The Hobbit: The Desolation of Smaug is Peter Jackson’s latest attempt to translate J.R.R. Tolkien’s masterful work to the big screen. And … if I never here the phrase “What have we done?” in a movie ever again, it will be too soon—just sayin’.
The movie continues the story that began with The Hobbit: An Unexpected Journey. You can read my review of that movie here. Bilbo is still on his quest with the thirteen dwarves to reclaim their home (Mount Erebor) from the dragon, Smaug. After narrowly escaping the clutches of Azog and his orc patrols (with the help of Beorn), the company sets off through Mirkwood. They encounter spiders and elves, are dwarfnapped, escape and travel on into the ruined lands surrounding The Lonely Mountain (a.k.a Erebor) where the dragon resides. There are other threads involved in the adventure. though. Gandalf must leave the group. In the book, he simply leaves and we are given no information (except in the Appendices) as to what he’s up to while he’s gone. In the movie, though, a good deal of time is spent on Gandalf and his doings. There’s an appearance of Radagast in the movie. And a whole new character spun from whole-cloth: Tauriel, a female elf captain. Anyway, there are a number of changes from the book.
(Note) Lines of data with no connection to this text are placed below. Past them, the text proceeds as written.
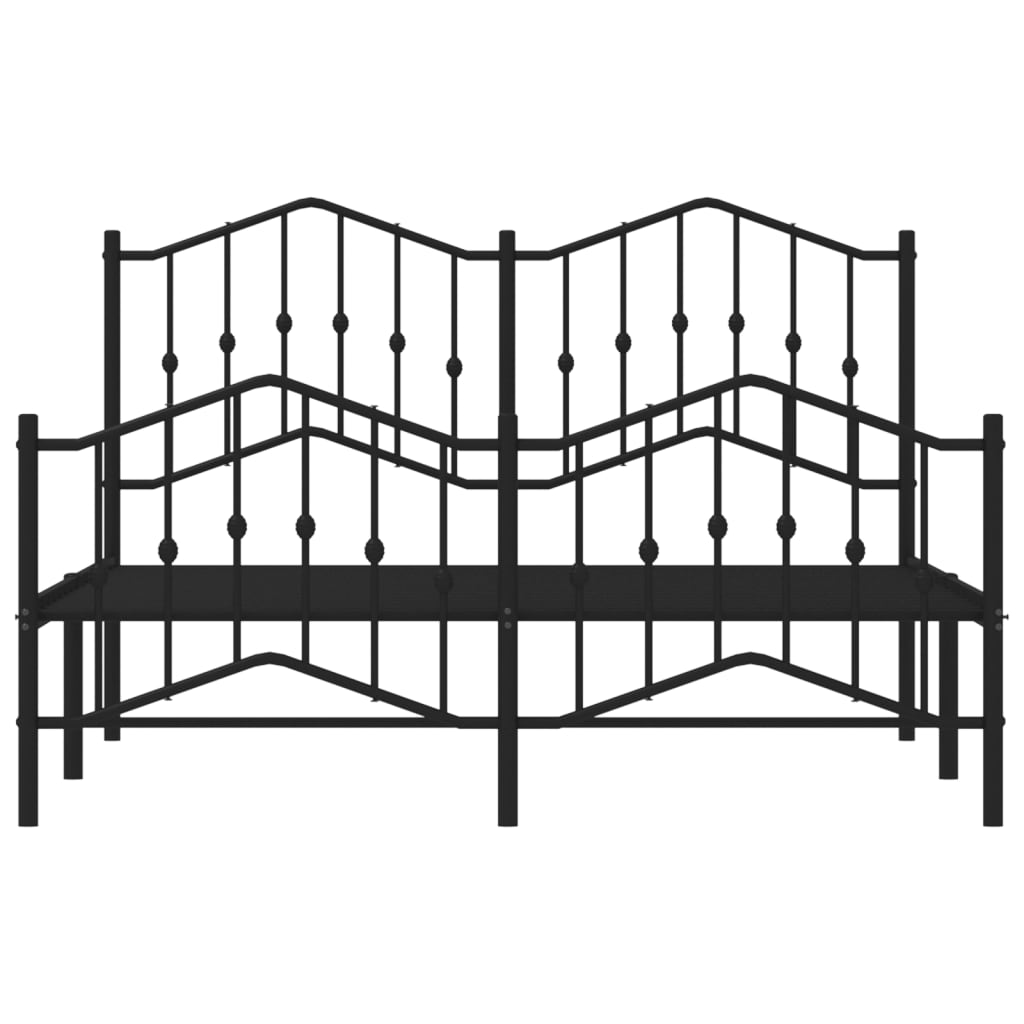 Metal Bed Frame with Headboard and Footboard Black 135x190 cm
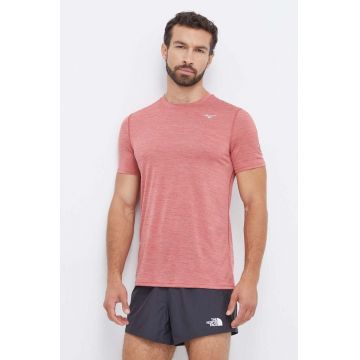 Mizuno tricou de alergare Impulse culoarea rosu, melanj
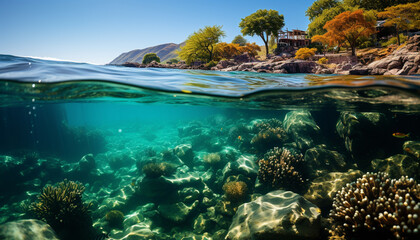 Underwater adventure fish swim below, coral reefs reveal beauty generated by AI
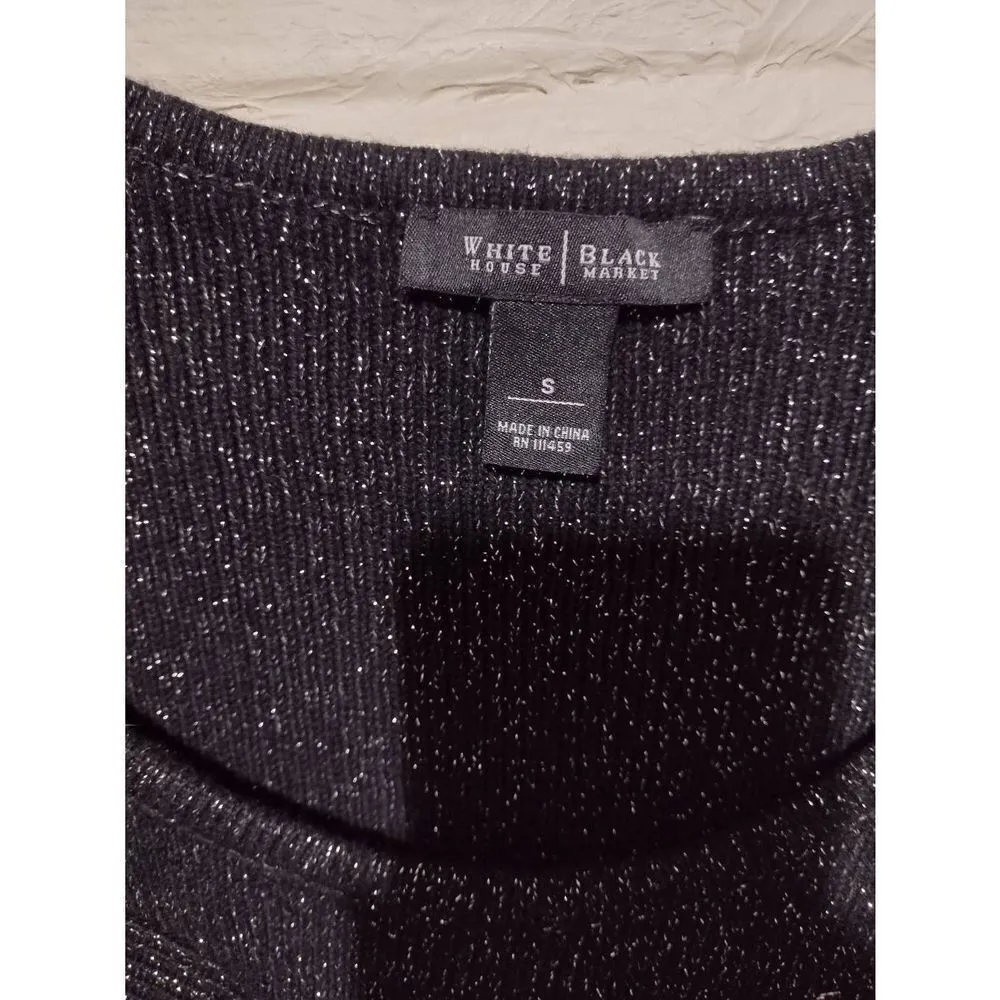 WHBM White House Black Market Size S Black Silver Shimmer Sweater Dress - Image 2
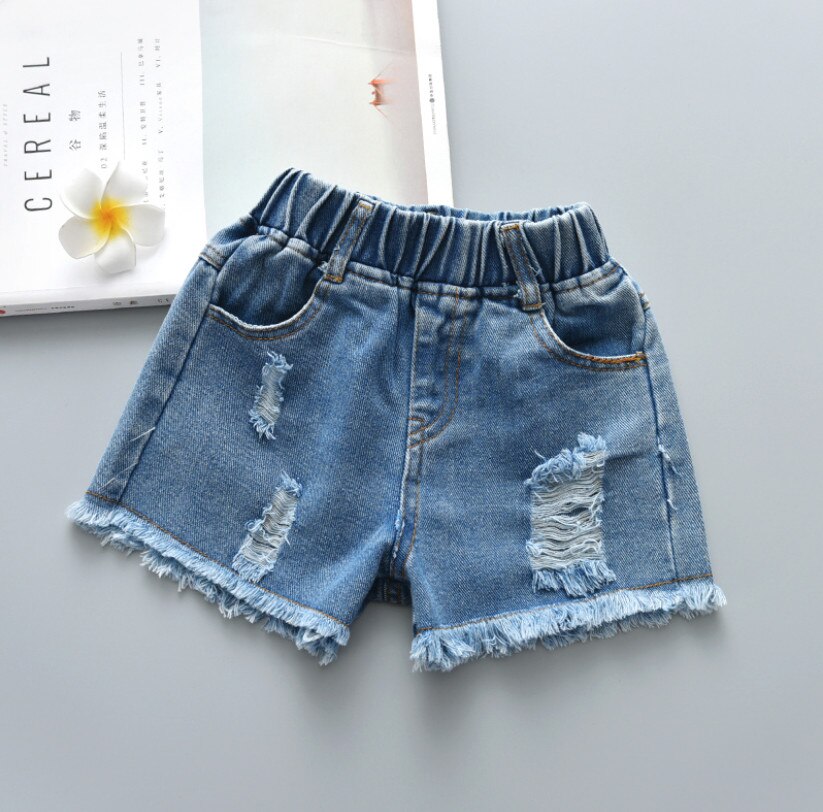 Søde babypiger denim shorts til sommer børn hul shorts jean bukser børn korte bukser pige tøj: 4t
If I wanted to be a Tolkien purist, I might be offended, particularly by Tauriel, the character that should not exist and really wasn’t necessary. However, I’m not a purist. Some of the changes I liked, others I did not.
Strengths: the acting was good. The special effects were good (I only saw the 2D version—I have very little use for 3D movies). The plot and storyline were good (it’s still basically Tolkien’s story). The movie is clean, although violent. I think 10 year olds would enjoy it, but I wouldn’t go much younger than that. There were no comedic asides (that I recall) like in The Hobbit: An Unexpected Journey and that’s a good thing. Plus, I did like the bit about Smaug and the One Ring. That was a cool addition. Weaknesses: well, there are a few. I have already mentioned the complete invention of Tauriel. She wasn’t needed. And, to a certain extent, she is a disservice to the source material. My biggest complaint was that the movie seemed to spend more time on the modifications of the original story as it did on the parts that came from the original story. Beorn was there. For a moment. If you blinked, you might have missed him. Same could be said for the spiders. Another big failing was the dragon. He looked like he was made out of rubber. I was expecting much more. Maybe he’ll grow on me like the Balrog from LOTR. But probably not. I have very high standards for dragons. J
Anyway, I’m not sure if I should give this movie three-and -a-half stars or four (out of five). I’m in a good mood, so I’ll give it four.